Tuesday, February 15, 2011

Looking at affected body parts reduces pain

Here's an interesting little study showing that acute physical pain is diminished in intensity when one is looking at the affected body part;   if this body part is artificially made to look larger, then the subjective pain is reduced even further. 

 In applying this type of idea to psychological pain, I guess one could say that "looking at the affected body part" could translate to discussing the problem in a therapeutic dialog. 

A limitation of the study, and with pain studies in general, is that a brief intervention for an acute pain may not necessarily be equivalently helpful as a prolonged intervention for a chronic pain.  In fact, some effective physical treatments for acute pain potentially exacerbate a chronic or recurrent pain disorder (e.g. using opiates to treat mechanical back pain or migraine). 

However, I believe that studies of this type do illustrate that simple, brief psychological techniques can be surprisingly powerful in modulating perceptions or sensation.  

Working memory exercises for treating addictions?

Here's a link to an interesting article from Biological Psychiatry this month:

It is based on the notion that the decision to engage in an addiction is often made based on a short-term, possibly impulsive, analysis of benefits and risks; consequently, longer-term risks or benefits associated with the behaviour are undervalued.  This phenomenon is termed "delay discounting."   Resistance to delay discounting could be considered a cognitive faculty that would help, on an intellectual level, with making a healthy decision in the face of strong impulses in the moment.

The authors note a relationship between addictive disorders and increased delay discounting.  They also note a previously described relationship between delay discounting and reduced working memory function. 

Based on these relationships, they did a controlled study of persons with stimulant addiction, in which the active group did a set of memory training exercises for 1-2 months. They found that the memory exercises led to improved (reduced) delay discounting.

This study does not show that memory exercises directly improve the course of addictive disorders; but it does present a promising therapeutic idea which I think is currently underutilized in the therapeutic community, not only for addictions but for other types of problems.

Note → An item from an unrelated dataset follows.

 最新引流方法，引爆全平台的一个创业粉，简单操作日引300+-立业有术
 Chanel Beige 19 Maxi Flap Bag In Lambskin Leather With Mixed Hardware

Cognitive exercises could have a variety of benefits for various psychological problems:
1) the improvement one would see with practice could help with self-esteem
2) arguably, the exercises would favourably alter the balance between executive function and visceral, limbic emotional drives (which could often be turbulent or disruptive)
3) the exercises could be an introduction to the various mental and physical disciplines required to effect psychological or behavioural change

In terms of the specific exercises used in this study, I do think that the number of practice sessions was far too small.  I believe that most psychologically beneficial activities start to show substantial results after 50-100 hours of practice.  This study  used only a maximum of 15 training sessions.  The memory practice itself could have been organized in a more engaging, game-like manner.  I think of some quite unique working memory games from the lumosity.com website, which tap into a type of activity most people would rarely work on directly, but yet are quite entertaining and allow gradual progress.

In summary, this was an interesting article looking at the promising theme of using cognitive training exercises as part of the  treatment of  a psychological problem.  This is a relatively new idea, showing up only a few other times so far in the research literature.